While verifying this issue on 3.8.4-8 . I saw below observation:- 1) continuous multiple errors for failed look up :- <SNIP> 2016-12-13 11:22:11.661154] E [dht-rebalance.c:3334:gf_defrag_fix_layout] 0-samsung-dht: /file_srcdir/dhcp47-116.lab.eng.blr.redhat.com/thrd_07/d_005/_07_500_.d lookup failed with 2 [2016-12-13 11:22:11.663923] E [dht-rebalance.c:3334:gf_defrag_fix_layout] 0-samsung-dht: /file_srcdir/dhcp47-116.lab.eng.blr.redhat.com/thrd_07/d_005/_07_501_.d lookup failed with 2 </SNIP> 2) Setxattr failed ERROR:- [2016-12-13 11:28:05.935641] E [dht-rebalance.c:3348:gf_defrag_fix_layout] 0-samsung-dht: Setxattr failed for /file_srcdir/dhcp47-116.lab.eng.blr.redhat.com/thrd_05/d_009/d_007/_05_9732_.d 3) Fix layout failing on ERRORs:- [2016-12-13 11:28:05.936034] E [MSGID: 109016] [dht-rebalance.c:3378:gf_defrag_fix_layout] 0-samsung-dht: Fix layout failed for /file_srcdir/dhcp47-116.lab.eng.blr.redhat.com/thrd_05/d_009/d_007 [2016-12-13 11:28:05.936398] E [MSGID: 109016] [dht-rebalance.c:3378:gf_defrag_fix_layout] 0-samsung-dht: Fix layout failed for /file_srcdir/dhcp47-116.lab.eng.blr.redhat.com/thrd_05/d_009 [2016-12-13 11:28:05.936739] E [MSGID: 109016] [dht-rebalance.c:3378:gf_defrag_fix_layout] 0-samsung-dht: Fix layout failed for /file_srcdir/dhcp47-116.lab.eng.blr.redhat.com/thrd_05 [2016-12-13 11:28:05.937916] E [MSGID: 109016] [dht-rebalance.c:3378:gf_defrag_fix_layout] 0-samsung-dht: Fix layout failed for /file_srcdir/dhcp47-116.lab.eng.blr.redhat.com [2016-12-13 11:28:05.938438] E [MSGID: 109016] [dht-rebalance.c:3378:gf_defrag_fix_layout] 0-samsung-dht: Fix layout failed for /file_srcdir 4) Rebalance Failure:- [2016-12-13 11:28:05.939820] I [MSGID: 109028] [dht-rebalance.c:4126:gf_defrag_status_get] 0-samsung-dht: Rebalance is failed. Time taken is 378.00 secs [2016-12-13 11:28:05.939848] I [MSGID: 109028] [dht-rebalance.c:4130:gf_defrag_status_get] 0-samsung-dht: Files migrated: 0, size: 0, lookups: 0, failures: 7, skipped: 0 With original observation are resolved. With new findings is similiar to Bug 1368437. Hence marking this bug as verified and updating the new finding on the other bug.
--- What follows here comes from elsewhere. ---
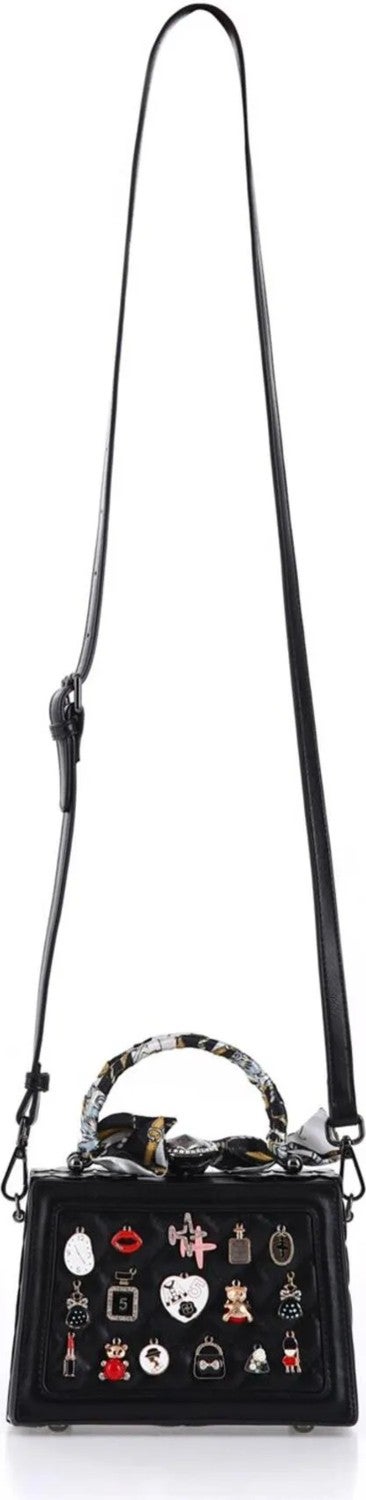 Elatae Women's Shoulder Strap Stone Evening Dress Daily Hand Bag Black 17131  - Image 1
Since the problem described in this bug report should be resolved in a recent advisory, it has been closed with a resolution of ERRATA. For information on the advisory, and where to find the updated files, follow the link below. If the solution does not work for you, open a new bug report. https://rhn.redhat.com/errata/RHSA-2017-0486.html
> > With original observation are resolved. With new findings is similar to Bug > 1368437. Hence marking this bug as verified and updating the new finding on > the other bug. Lookup failures are common and expected if the file/dir in question has been removed or renamed. This is not something we can fix.